You will often come across words like trite and cliche but everything ever written falls into that category - it is finding a different way to tell the same story and to get your audience to connect with the characters that is important.

However, if that start of the movie is also the end of the movie where the rest of it tells the story leading up to it and then finishes, it is a little too trite. Many movies do this but the better ones keep going after the "hook" flashback at the start and then on to a conclusion that attempts to keep you guessing.
 

Selorian

Patron
Despite the formatting issue, which can be properly done later, this is an interesting beginning. It has all the necessary elements to catch your attention, make you ask questions, and lure you on to find out what is going on and what will happen next.

I'll enjoy seeing more of this when you post it.
 

Crash_Tomas

Senior Member
awesome, thanks a lot ellen, Vee, and selorian. Everything really helps and I am glad you like it. I have to find time to write another scene. I'm glad people find this somewhat interesting and I agree that it can be a lot better. I'll be sure to continue this. Thanks again, all of you~
 

wmd

Senior Member
The story seems good so far. I dont think a Colt .45 would be the weapon of choice for this guy... most likely something like a glock 9mm and he would definitely need to be using a silencer in the alley.
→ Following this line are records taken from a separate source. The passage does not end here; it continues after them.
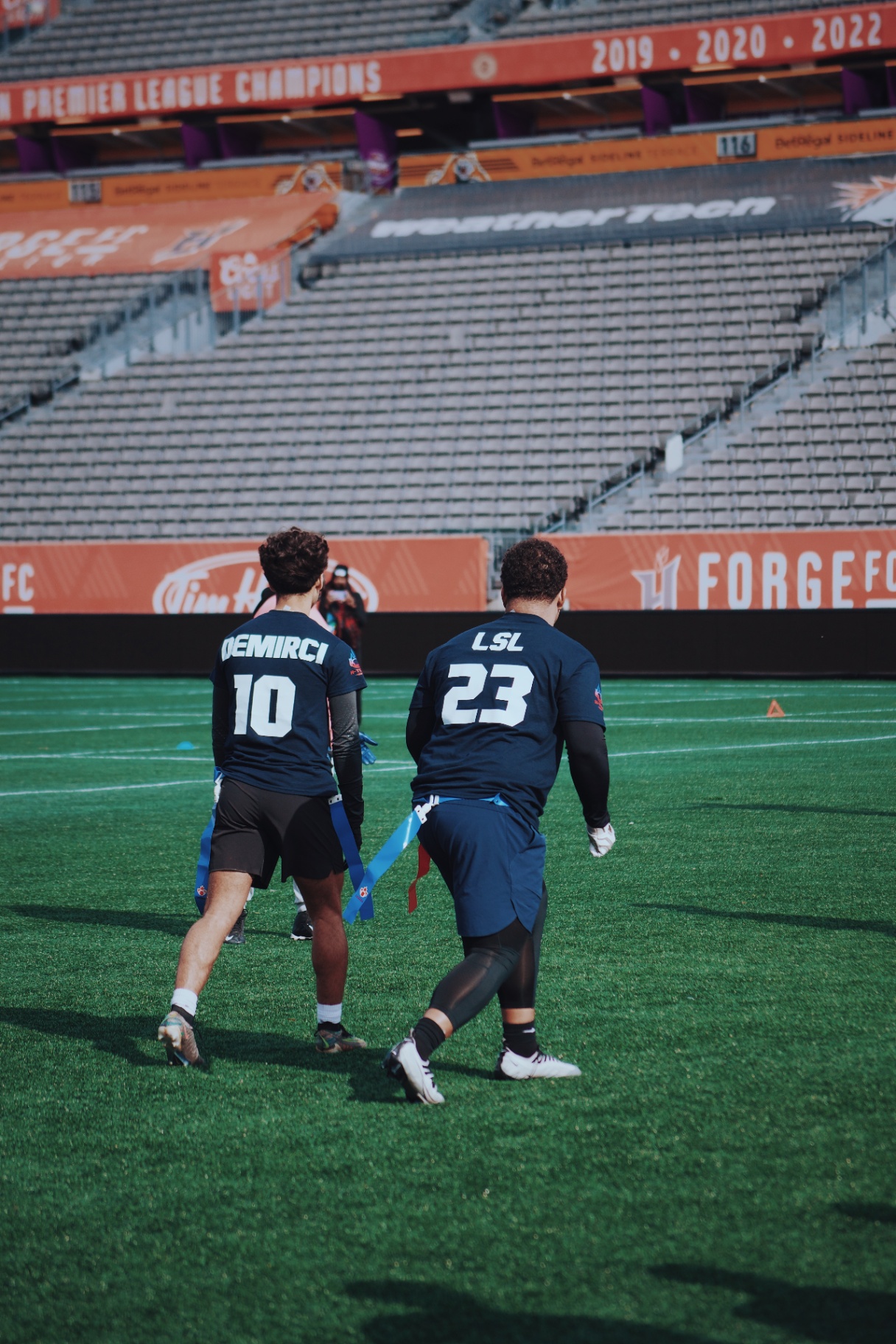Teammates DEMIRCI #10 and LSL #23 tracking the play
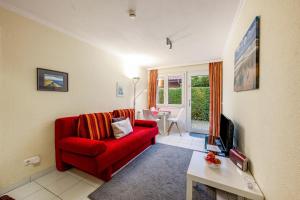 a living room with a red couch and a table at Bungalow Westerland Kampstrasse in Westerland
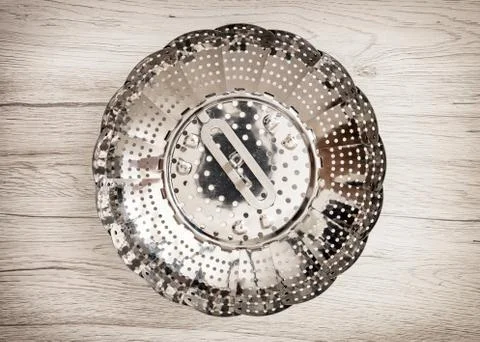 Close up of metallic circle strainer, kitchen equipment Stock Photos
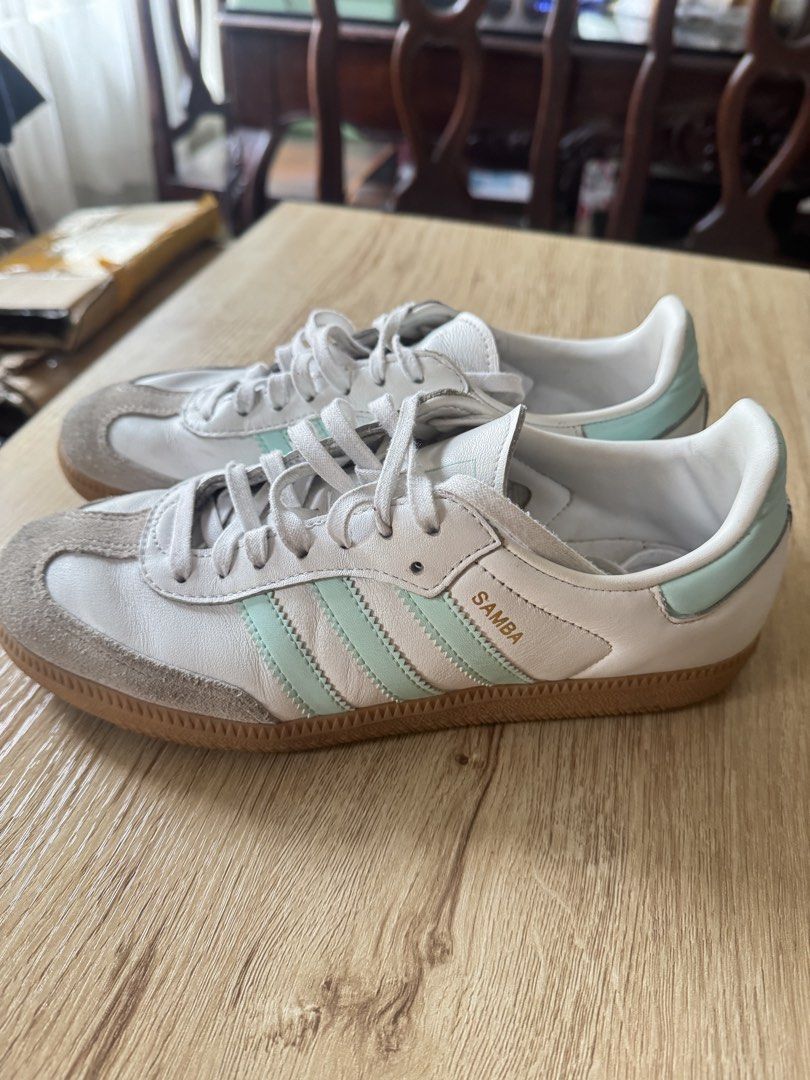 Adidas Samba Clear Mint White Sneakers US 6 (Category: Sneakers) located in Manila. Submitted by chie04_875 (Listing ID 1465195725, Image 2). Description: - Brand/Model: Adidas Samba sneakers - Color: White leather with clear mint green stripes and heel tab, grey suede toe overlay, and classic gum sole - Size: US 6, UK 5.5, FR 38 2/3 - Condition: Worn just a couple of times, extremely clean uppers and soles - Style: Super versatile everyday pair 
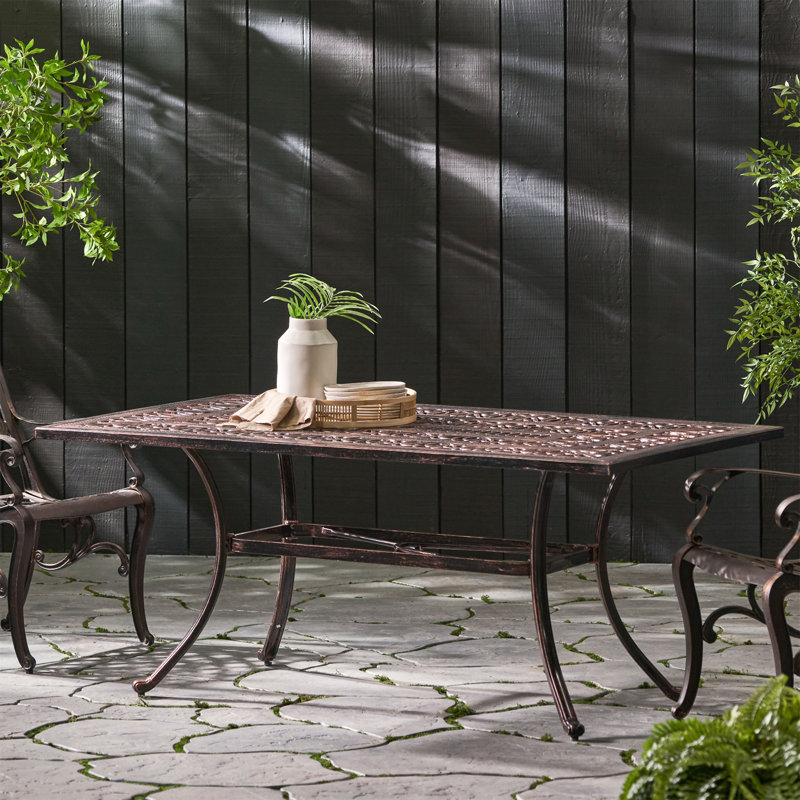 Table de salle à manger d'extérieur en fonte d'aluminium avec motif floral coupé dans une teinte cuivrée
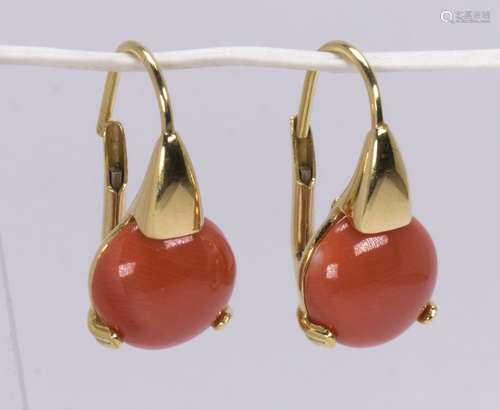 Pair of coral and 18k yellow gold earrings Featuring (2) round coral cabochons, measuring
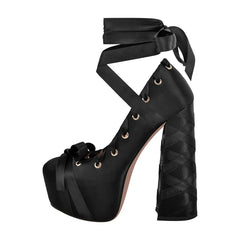 Black platform high heel shoe with ribbon detailing on a white background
It seems that Elliot might get a little too excited too fast. He knows that he is dealing with a dangerous man and immediately snaps on him without any plan or back up... and in this man's turf none the less. It could work that way though.

Even if you disregard how the forums format your post, you are still formatting very wrong. Do not include scene numbers and "Main Street" is a broad setting. If you are going for an establishing shot before he enters the bar it should be somethin like.

EXT - LOCAL BAR - NIGHT

You could describe the bar and surroundings here and then go directly to

INT - BAR - NIGHT

I am no expert, but I hope this helps a bit... keep it coming, I want to know what is going on!